9. Камни — в Булгакова
9. Камни — в Булгакова
В 1991 году, делая утреннюю пробежку на берегу Днепра в тенистом киевском парке, я ошеломленно остановился. На скульптурной композиции, посвященной дружбе украинского и русского народов, огромными черными буквами было намазюкано: «Жиды тай москали геть з Украины!»
Это было бы мерзко в любое утро, но в то утро — пятидесятилетия массового убийства десятков тысяч евреев в Бабьем Яре — это было особенно отвратительно.
В тот же день работники дома-музея Булгакова рассказали мне, что ночью им выбили окна камнями.
— Кто? — подавленно спросил я.
— Они не представились…
— Почему они выбили окна?
— Не могут простить Булгакову того, что он описал петлюровские погромы.
Правда, петлюровцы на фоне своих жертв сами себя все-таки не фотографировали…
По всему Крещатику стояли разоблачительные стенды с фотографиями нацистского зверства, сделанными самодовольными палачами, — понурые толпы детей, женщин, стариков, сгоняемые к их общей могиле, белые горы тел, сверкающие сапоги убийц у края оврага.

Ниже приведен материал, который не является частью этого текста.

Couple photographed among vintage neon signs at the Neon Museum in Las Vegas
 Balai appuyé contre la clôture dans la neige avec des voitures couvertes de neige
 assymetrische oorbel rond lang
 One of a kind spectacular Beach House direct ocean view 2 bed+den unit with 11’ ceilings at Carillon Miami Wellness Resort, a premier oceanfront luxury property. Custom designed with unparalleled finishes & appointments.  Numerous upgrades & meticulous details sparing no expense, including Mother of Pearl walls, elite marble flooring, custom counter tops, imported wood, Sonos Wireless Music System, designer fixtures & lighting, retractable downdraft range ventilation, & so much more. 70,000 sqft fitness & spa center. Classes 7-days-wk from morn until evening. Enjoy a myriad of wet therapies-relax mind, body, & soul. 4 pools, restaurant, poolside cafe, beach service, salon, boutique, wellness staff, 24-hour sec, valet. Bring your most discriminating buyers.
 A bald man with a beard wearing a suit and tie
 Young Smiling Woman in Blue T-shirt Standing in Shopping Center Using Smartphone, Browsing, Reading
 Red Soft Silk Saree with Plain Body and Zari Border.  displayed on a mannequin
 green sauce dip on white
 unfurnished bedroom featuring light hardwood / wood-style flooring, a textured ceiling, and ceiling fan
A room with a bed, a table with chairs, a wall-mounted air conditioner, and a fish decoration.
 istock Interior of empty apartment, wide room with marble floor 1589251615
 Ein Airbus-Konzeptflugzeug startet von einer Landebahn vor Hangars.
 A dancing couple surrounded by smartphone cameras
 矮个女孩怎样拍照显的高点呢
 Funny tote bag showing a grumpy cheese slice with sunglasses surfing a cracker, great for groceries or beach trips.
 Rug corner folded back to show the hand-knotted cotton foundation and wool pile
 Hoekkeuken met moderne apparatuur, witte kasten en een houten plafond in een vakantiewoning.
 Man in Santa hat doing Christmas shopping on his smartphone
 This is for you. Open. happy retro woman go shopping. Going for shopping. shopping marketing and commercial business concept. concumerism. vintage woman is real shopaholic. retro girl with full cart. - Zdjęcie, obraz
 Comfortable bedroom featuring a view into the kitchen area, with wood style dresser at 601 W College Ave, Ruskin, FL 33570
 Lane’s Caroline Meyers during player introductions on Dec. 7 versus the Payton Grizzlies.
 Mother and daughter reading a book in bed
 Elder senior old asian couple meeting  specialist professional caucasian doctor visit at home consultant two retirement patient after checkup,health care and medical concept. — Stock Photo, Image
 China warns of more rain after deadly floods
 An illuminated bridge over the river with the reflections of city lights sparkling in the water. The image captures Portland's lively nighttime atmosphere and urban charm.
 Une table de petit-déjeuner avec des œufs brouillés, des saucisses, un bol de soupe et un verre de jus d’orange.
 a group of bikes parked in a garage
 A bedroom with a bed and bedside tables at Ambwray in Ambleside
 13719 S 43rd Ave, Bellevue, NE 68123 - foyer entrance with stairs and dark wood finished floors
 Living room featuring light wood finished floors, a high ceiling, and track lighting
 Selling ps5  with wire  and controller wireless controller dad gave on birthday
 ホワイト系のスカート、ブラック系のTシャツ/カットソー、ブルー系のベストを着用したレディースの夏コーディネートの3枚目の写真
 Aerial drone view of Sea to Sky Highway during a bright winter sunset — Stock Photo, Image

Но даже такое прямое напоминание о том, что произошло здесь в сорок первом году, не остановило осквернителей.
Украинские власти лишь через 30 лет наконец-то соизволили заметить существование Тринадцатой симфонии Шостаковича, чьей первой частью был реквием жертвам Бабьего Яра, и скрепя сердце вынуждены были пригласить меня на ее исполнение. Ведь многие годы я мог выступать даже во франкистской Испании, даже в салазаровской Португалии, но только не в стольном граде Киеве, где у моей поэзии было столько верных друзей.
Ведь не случайно и депутатом я был выбран именно на Украине.
Но не удалось отделаться от памяти человечества громоздким бесчувственным монументом в Бабьем Яре, на котором застенчиво не была упомянута национальность большинства убитых.
«Заиграть» пятидесятилетие трагедии, ставшей всемирно известной благодаря именно Тринадцатой симфонии, было уже невозможно, а без нее отмечать горестную годовщину было как-то неприлично. Пришлось пригласить и меня.
Придя к Бабьему Яру, я, к своему удивлению, увидел огромный щит с двумя цитатами: одна — из моего стихотворения, а рядом, другая, — тоже о Бабьем Яре, подписанная поэтом Дмитром Павлычко.
Он написал это стихотворение к такому же заказному опусу, сочиненному местным композитором, когда это перестало быть опасным.
Но соревноваться с Шостаковичем была задача непосильная. Прослушав Тринадцатую симфонию и лишь самое начало следующего музыкального номера, многие киевляне и гости начали потихоньку уходить.
А на банкете после концерта царила биржевая — лоббистская атмосфера: обменивались визитными карточками, договаривались о сделках.
Боже мой, на человеческой трагедии стали делать бизнес. Но разве так не бывало в истории?